◆ Task directions: The lines from the start of the data through the line containing "Collier ancien ambre" are to be reproduced exactly, both ends included.

Items from a dataset
****************************************
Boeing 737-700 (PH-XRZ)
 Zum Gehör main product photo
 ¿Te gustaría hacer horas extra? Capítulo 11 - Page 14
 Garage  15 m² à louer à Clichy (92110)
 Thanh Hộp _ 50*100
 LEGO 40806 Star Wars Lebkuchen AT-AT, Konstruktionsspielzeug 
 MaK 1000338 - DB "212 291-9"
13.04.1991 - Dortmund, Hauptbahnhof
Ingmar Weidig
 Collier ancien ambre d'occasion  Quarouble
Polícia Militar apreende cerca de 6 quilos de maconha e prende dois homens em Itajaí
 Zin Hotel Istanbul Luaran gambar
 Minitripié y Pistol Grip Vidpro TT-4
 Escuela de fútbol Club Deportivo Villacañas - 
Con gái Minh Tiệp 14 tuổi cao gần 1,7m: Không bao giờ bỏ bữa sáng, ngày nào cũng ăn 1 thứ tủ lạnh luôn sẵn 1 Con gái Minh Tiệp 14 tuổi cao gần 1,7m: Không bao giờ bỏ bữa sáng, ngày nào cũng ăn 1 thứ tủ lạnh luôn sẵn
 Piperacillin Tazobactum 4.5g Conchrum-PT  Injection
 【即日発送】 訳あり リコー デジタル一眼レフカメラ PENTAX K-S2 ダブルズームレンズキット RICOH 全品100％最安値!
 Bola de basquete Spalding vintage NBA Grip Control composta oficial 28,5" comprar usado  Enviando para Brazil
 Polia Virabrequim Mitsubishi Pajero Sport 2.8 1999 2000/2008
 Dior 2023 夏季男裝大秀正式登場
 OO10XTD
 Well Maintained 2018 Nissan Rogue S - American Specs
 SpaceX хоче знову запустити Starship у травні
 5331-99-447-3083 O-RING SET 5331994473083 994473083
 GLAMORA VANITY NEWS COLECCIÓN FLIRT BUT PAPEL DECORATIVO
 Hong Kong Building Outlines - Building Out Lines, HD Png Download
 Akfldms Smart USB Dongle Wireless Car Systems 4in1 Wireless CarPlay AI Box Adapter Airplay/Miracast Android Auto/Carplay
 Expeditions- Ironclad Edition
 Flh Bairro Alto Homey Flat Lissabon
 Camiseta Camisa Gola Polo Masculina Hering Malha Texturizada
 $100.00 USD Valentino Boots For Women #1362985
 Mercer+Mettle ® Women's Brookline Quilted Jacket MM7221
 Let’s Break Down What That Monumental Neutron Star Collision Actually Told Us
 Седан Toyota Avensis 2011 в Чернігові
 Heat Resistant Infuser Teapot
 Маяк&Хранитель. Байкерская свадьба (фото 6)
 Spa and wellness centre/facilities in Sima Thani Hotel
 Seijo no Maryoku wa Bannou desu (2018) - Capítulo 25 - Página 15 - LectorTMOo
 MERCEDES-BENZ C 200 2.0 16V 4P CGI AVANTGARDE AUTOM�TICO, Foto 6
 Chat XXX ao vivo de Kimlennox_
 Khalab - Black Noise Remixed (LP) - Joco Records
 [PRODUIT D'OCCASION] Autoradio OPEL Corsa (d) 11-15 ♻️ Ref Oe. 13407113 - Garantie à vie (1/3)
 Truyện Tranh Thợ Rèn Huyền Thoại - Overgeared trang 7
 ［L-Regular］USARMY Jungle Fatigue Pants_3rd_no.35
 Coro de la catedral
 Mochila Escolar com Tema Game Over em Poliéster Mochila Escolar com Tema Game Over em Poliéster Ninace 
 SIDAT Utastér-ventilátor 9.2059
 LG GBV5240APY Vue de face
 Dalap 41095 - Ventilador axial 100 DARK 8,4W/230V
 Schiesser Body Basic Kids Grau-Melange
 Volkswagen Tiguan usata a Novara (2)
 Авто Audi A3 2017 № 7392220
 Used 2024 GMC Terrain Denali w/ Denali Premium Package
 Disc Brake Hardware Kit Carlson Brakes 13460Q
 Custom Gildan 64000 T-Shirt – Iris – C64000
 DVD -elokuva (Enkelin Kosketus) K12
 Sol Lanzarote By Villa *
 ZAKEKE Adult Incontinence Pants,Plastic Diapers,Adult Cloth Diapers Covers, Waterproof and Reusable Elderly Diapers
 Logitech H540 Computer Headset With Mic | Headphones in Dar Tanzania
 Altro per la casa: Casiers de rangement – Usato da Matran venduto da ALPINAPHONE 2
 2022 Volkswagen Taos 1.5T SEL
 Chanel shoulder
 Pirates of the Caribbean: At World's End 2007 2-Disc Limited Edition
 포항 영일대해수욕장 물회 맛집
****************************************
◆ Task result:
Boeing 737-700 (PH-XRZ)
 Zum Gehör main product photo
 ¿Te gustaría hacer horas extra? Capítulo 11 - Page 14
 Garage  15 m² à louer à Clichy (92110)
 Thanh Hộp _ 50*100
 LEGO 40806 Star Wars Lebkuchen AT-AT, Konstruktionsspielzeug 
 MaK 1000338 - DB "212 291-9"
13.04.1991 - Dortmund, Hauptbahnhof
Ingmar Weidig
 Collier ancien ambre d'occasion  Quarouble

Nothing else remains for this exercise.